Keynote speaker Rev. Irene Monroe, introduced by city councillor E. Denise Simmons, will celebrate King’s life and legacy and explore how his legacy influences civil rights issues of today. The Cambridge Community Chorus will perform, and light refreshments will be provided.
“Misremembering Dr. King” from 1 to 2 p.m. Thursday at the Citywide Senior Center, 806 Massachusetts Ave., Central Square. Free.
A presentation and discussion by Jennifer Yanco, a recently retired researcher at the African Studies Center at Boston University, and the author of “Misremembering Dr. King: Revisiting the Legacy of Martin Luther King Jr.” that asserts that most people today know relatively little about King, a campaigner against militarism, materialism and racism – what he called the “giant triplets.”

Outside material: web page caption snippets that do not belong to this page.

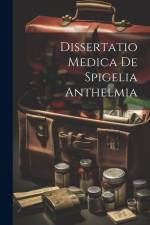 Dissertatio Medica De Spigelia Anthelmia af Anonymous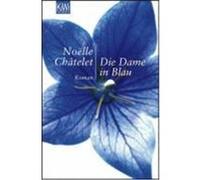 Die Dame in Blau Châtelet, Noëlle (Auteur)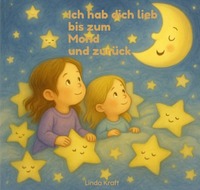 Ich hab dich lieb bis zum Mond und zurück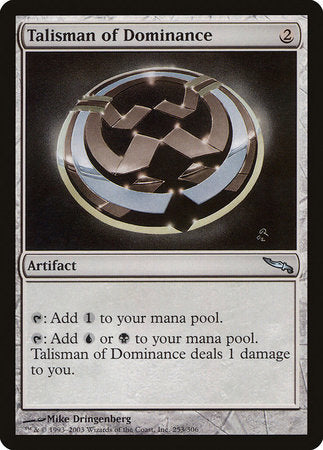 Talisman of Dominance [Mirrodin] | Tacoma Games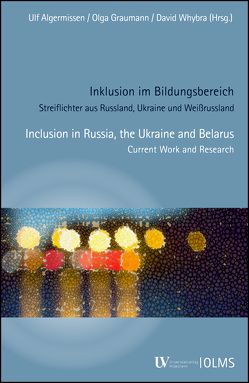 Inklusion im Bildungsbereich. Streiflichter aus Russland, Ukraine und Weißrussland von Algermissen,  Ulf, Graumann,  Olga, Whybra,  David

“The King & I” panel discussion from 7 to 8 p.m. Thursday in the auditorium of the Martin Luther King Jr. School, 102 Putnam Ave., in the Riverside neighborhood. Free.
Distinguished community members reflect on the impact King had on their lives. Panelists include city councillor E. Denise Simmons; Saundra Graham, a former state representative and the namesake of the city’s Graham & Parks School; and Carol Hill, social justice activist and co-founder of the MLK Preschool & Afterschool programs.